Closed candre23 closed 2 months ago
phi3-mini can be used as the draft model for phi3-medium in speculative decoding... also with optimized kernels exllama has... both the performance and the inference speed is gonna be pretty crazzzzzzy! I can't wait too see it : )
bump : )
It's in dev branch now. Model here. Bit more testing then I'll release a new version.
How much VRAM does 32k / 128k context need as 3.8b doesn't have GQA?
It works out to 384 kB per token if I'm not mistaken. So a 128k context would need 48 GB for the cache. It drops to 108 kB with Q4 cache, or 13.5 GB for the full context.
Here's hoping the larger Phi-3 models use GQA.
I hope that the larger Phi-3 models will at least be released. But thanks, 13.5GB for full context with Q4 cache sounds great. Thanks for your work.

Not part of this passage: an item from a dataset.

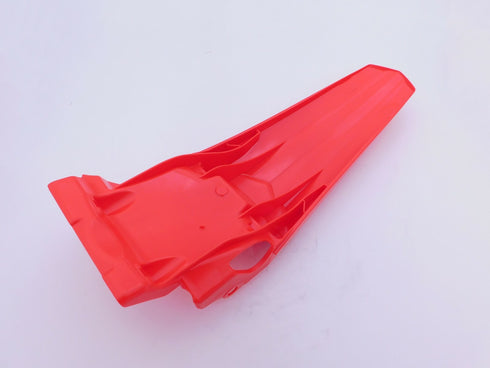 HONDA REAR FENDER 2019-2025 CRF125 F/FB GENUINE OEM NEW 80101-K28-A60ZA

Just tried the 6.0bpw model from turboderp HF Phi3 repo - with Q4 cache, loads nicely into 19GB vram. Chat completions for short context are fine, but unfortunately longer contexts -- beyond a few hundred tokens, produces garbage. Possibly I am doing something wrong!
PS using latest exllama v2 (which I understand was just updated for Phi3) and TabbyAPI (which now allows setting Q4 cache via the admin API)
You need the dev version. Currently working on releasing 0.0.20 which will have the Phi stuff included.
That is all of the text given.